| Exercise requirements |
Output every line of the material exactly, omitting images.

(The data)

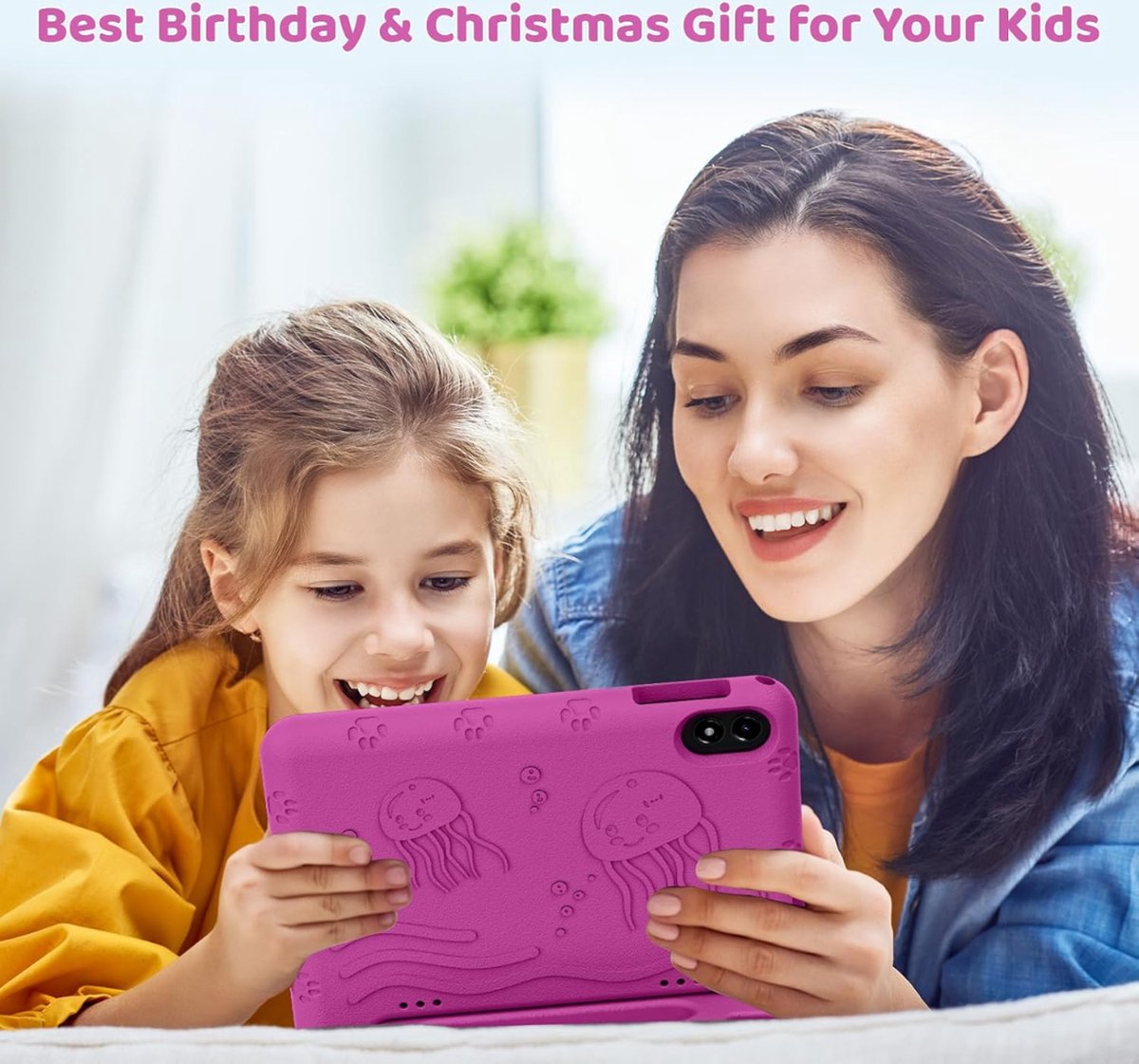 Equivera Kindertablet Kids Tablet Limited Edition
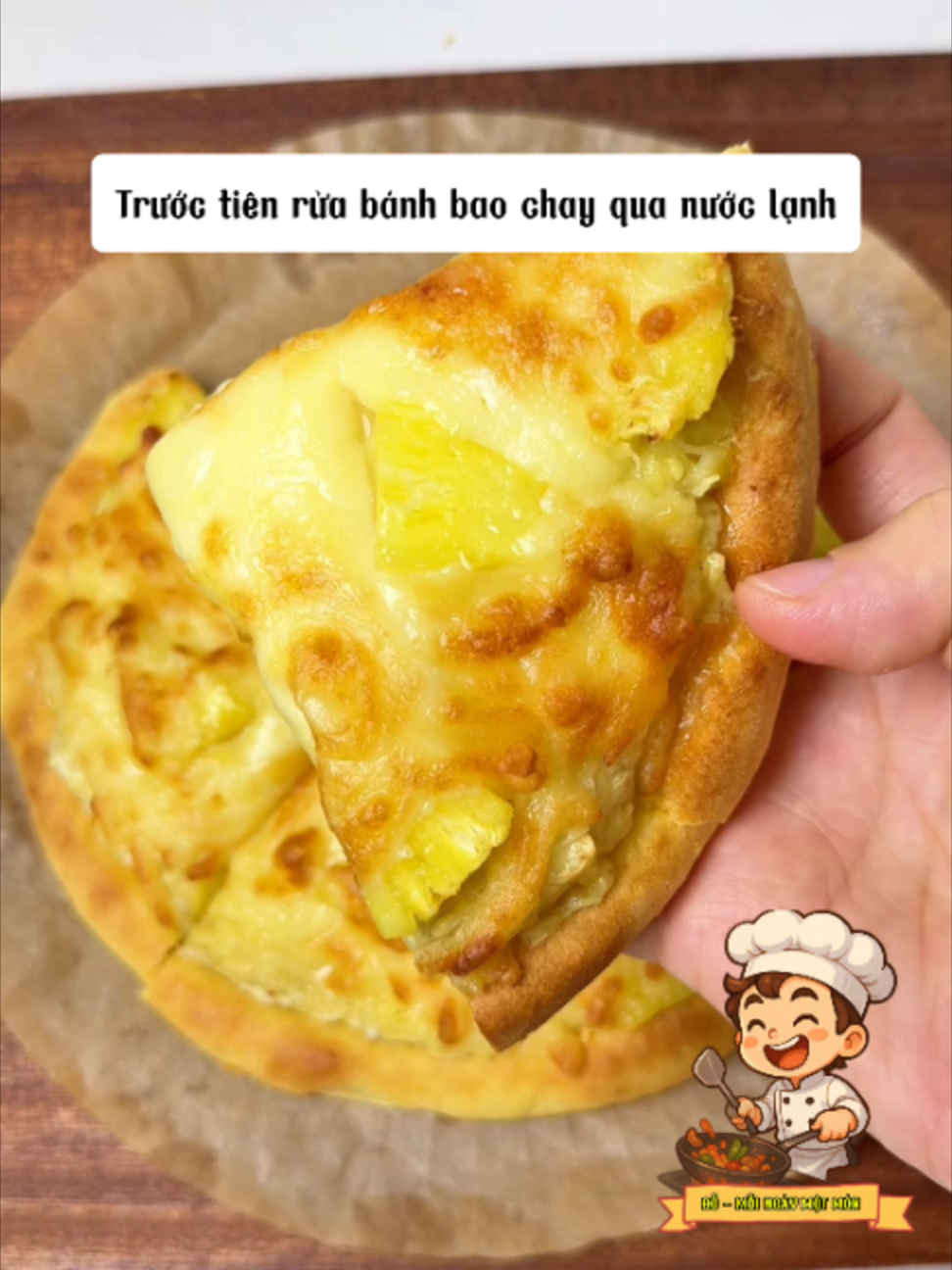 @Đỗ - Mỗi Ngày Một Món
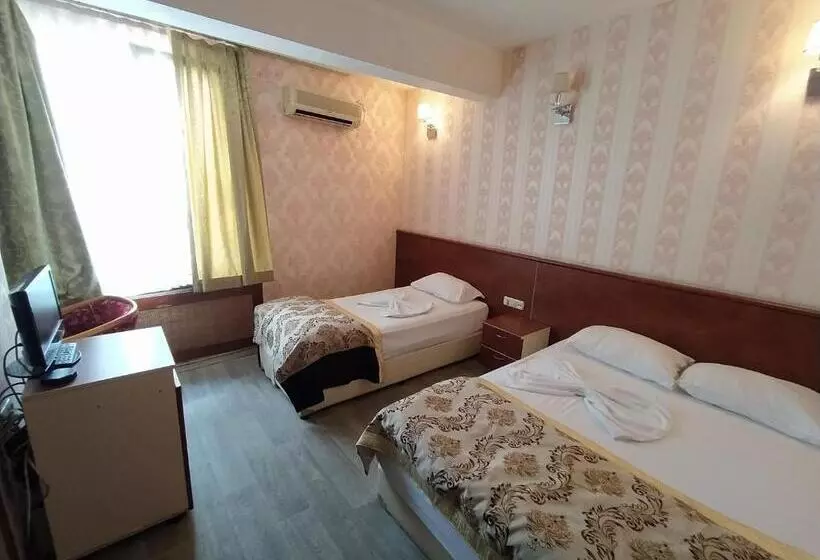 Fotos del hotel Turvan:  20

(End The data)

| Output for this task |
 Equivera Kindertablet Kids Tablet Limited Edition
 @Đỗ - Mỗi Ngày Một Món
 Fotos del hotel Turvan:  20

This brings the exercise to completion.